### Task requirements
When you repeat the listing, keep every character as it is.

### Provided material
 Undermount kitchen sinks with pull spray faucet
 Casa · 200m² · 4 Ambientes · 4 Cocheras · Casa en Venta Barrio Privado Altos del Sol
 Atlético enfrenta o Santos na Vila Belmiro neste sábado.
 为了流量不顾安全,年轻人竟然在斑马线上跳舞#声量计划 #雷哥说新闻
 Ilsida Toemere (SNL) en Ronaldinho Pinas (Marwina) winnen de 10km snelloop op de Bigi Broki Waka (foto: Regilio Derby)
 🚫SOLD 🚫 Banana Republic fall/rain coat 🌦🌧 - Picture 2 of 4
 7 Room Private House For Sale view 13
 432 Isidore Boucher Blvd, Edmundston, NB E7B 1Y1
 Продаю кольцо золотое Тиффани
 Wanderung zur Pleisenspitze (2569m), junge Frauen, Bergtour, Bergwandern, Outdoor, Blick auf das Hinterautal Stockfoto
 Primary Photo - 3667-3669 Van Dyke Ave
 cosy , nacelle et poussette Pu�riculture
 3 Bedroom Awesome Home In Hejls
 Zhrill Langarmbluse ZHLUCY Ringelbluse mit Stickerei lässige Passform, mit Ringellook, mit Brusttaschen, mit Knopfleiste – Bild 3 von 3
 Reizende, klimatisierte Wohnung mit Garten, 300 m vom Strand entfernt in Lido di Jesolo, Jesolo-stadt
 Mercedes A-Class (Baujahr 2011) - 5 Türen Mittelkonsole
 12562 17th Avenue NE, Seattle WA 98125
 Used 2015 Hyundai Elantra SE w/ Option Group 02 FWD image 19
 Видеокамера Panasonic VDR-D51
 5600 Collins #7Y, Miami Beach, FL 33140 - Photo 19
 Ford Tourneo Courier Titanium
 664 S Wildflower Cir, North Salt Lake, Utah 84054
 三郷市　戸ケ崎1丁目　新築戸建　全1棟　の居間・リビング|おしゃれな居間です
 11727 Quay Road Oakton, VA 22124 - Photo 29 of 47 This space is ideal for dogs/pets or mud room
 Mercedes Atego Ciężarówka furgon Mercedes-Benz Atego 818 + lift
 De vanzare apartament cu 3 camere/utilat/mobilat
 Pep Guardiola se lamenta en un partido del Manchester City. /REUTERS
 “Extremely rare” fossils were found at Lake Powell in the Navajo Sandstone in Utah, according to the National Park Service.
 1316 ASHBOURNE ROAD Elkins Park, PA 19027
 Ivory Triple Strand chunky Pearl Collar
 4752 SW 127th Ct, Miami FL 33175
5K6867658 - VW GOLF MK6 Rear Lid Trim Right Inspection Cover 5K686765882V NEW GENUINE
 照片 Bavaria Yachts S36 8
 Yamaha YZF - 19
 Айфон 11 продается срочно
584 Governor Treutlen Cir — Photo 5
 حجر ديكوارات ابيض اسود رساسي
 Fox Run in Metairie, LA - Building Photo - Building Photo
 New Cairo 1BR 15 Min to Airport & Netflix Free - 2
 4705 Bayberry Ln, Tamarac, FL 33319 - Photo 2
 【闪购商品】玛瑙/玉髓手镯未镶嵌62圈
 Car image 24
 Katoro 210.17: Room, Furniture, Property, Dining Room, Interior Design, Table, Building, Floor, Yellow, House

### Result of this task
 Undermount kitchen sinks with pull spray faucet
 Casa · 200m² · 4 Ambientes · 4 Cocheras · Casa en Venta Barrio Privado Altos del Sol
 Atlético enfrenta o Santos na Vila Belmiro neste sábado.
 为了流量不顾安全,年轻人竟然在斑马线上跳舞#声量计划 #雷哥说新闻
 Ilsida Toemere (SNL) en Ronaldinho Pinas (Marwina) winnen de 10km snelloop op de Bigi Broki Waka (foto: Regilio Derby)
 🚫SOLD 🚫 Banana Republic fall/rain coat 🌦🌧 - Picture 2 of 4
 7 Room Private House For Sale view 13
 432 Isidore Boucher Blvd, Edmundston, NB E7B 1Y1
 Продаю кольцо золотое Тиффани
 Wanderung zur Pleisenspitze (2569m), junge Frauen, Bergtour, Bergwandern, Outdoor, Blick auf das Hinterautal Stockfoto
 Primary Photo - 3667-3669 Van Dyke Ave
 cosy , nacelle et poussette Pu�riculture
 3 Bedroom Awesome Home In Hejls
 Zhrill Langarmbluse ZHLUCY Ringelbluse mit Stickerei lässige Passform, mit Ringellook, mit Brusttaschen, mit Knopfleiste – Bild 3 von 3
 Reizende, klimatisierte Wohnung mit Garten, 300 m vom Strand entfernt in Lido di Jesolo, Jesolo-stadt
 Mercedes A-Class (Baujahr 2011) - 5 Türen Mittelkonsole
 12562 17th Avenue NE, Seattle WA 98125
 Used 2015 Hyundai Elantra SE w/ Option Group 02 FWD image 19
 Видеокамера Panasonic VDR-D51
 5600 Collins #7Y, Miami Beach, FL 33140 - Photo 19
 Ford Tourneo Courier Titanium
 664 S Wildflower Cir, North Salt Lake, Utah 84054
 三郷市　戸ケ崎1丁目　新築戸建　全1棟　の居間・リビング|おしゃれな居間です
 11727 Quay Road Oakton, VA 22124 - Photo 29 of 47 This space is ideal for dogs/pets or mud room
 Mercedes Atego Ciężarówka furgon Mercedes-Benz Atego 818 + lift
 De vanzare apartament cu 3 camere/utilat/mobilat
 Pep Guardiola se lamenta en un partido del Manchester City. /REUTERS
 “Extremely rare” fossils were found at Lake Powell in the Navajo Sandstone in Utah, according to the National Park Service.
 1316 ASHBOURNE ROAD Elkins Park, PA 19027
 Ivory Triple Strand chunky Pearl Collar
 4752 SW 127th Ct, Miami FL 33175
5K6867658 - VW GOLF MK6 Rear Lid Trim Right Inspection Cover 5K686765882V NEW GENUINE
 照片 Bavaria Yachts S36 8
 Yamaha YZF - 19
 Айфон 11 продается срочно
584 Governor Treutlen Cir — Photo 5
 حجر ديكوارات ابيض اسود رساسي
 Fox Run in Metairie, LA - Building Photo - Building Photo
 New Cairo 1BR 15 Min to Airport & Netflix Free - 2
 4705 Bayberry Ln, Tamarac, FL 33319 - Photo 2
 【闪购商品】玛瑙/玉髓手镯未镶嵌62圈
 Car image 24
 Katoro 210.17: Room, Furniture, Property, Dining Room, Interior Design, Table, Building, Floor, Yellow, House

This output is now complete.